Education

Skugg skeptical about fed educational intervention

REPORTER FILE PHOTO Superintendent of Schools Leonard Skuggevik presented the Board of Education with a progress report on meeting goals for the 2015-16 school year.
REPORTER FILE PHOTO | Superintendent of Schools Leonard Skuggevik .

The closer you are to students will determine your ability to make the best decisions about their education.

That’s the way Superintendent Leonard Skuggevik sees it and why he’s inclined to agree with his predecessor, Michael Hynes, who has called for dissolution of the United State Department of Education.

Mr.
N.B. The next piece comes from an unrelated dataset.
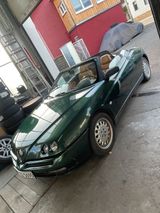 Alfa Romeo 916 Spider 2.0 Twin Spark Serie... - Alfa Romeo Spider: Twin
Hynes made his thoughts clear in December, writing that federal initiatives through the years — from “No Child Left Behind,” “Race to the Top” and the soon to be implemented “Every Student Succeeds Act” — fail to improve education.

“This bloated department of non-educators has wasted tax dollars and ruined millions of children’s lives over the past four decades,” Dr. Hynes said. “It is an experiment gone awry and it’s time for the U.S. Department of Education to go.”

In past years, calls for the department’s dissolution have come primarily from politically conservative interests. But Dr. Hynes is coming at the issue not from a political vantage point but as an educator, he said.

He’s been among the most outspoken opponents of the rollout of the Common Core curriculum and its associated teacher evaluation system. He’s now arguing that Dr. John King, who was head of the New York State Board of Regents during the rollout, and is now acting secretary of education, is the wrong man to be leading the department.

Parents and teachers are in the best position to determine solid educational programs, Mr. Skuggevik said, reiterating his stance on local control. As superintendent and principal, he makes it a point to frequently sit in on classes, but he doesn’t tell teachers how to do their jobs. He will guide them when necessary, he said, but focuses attention on those teachers who are creative in their classrooms, enlisting other teachers to employ similar methods.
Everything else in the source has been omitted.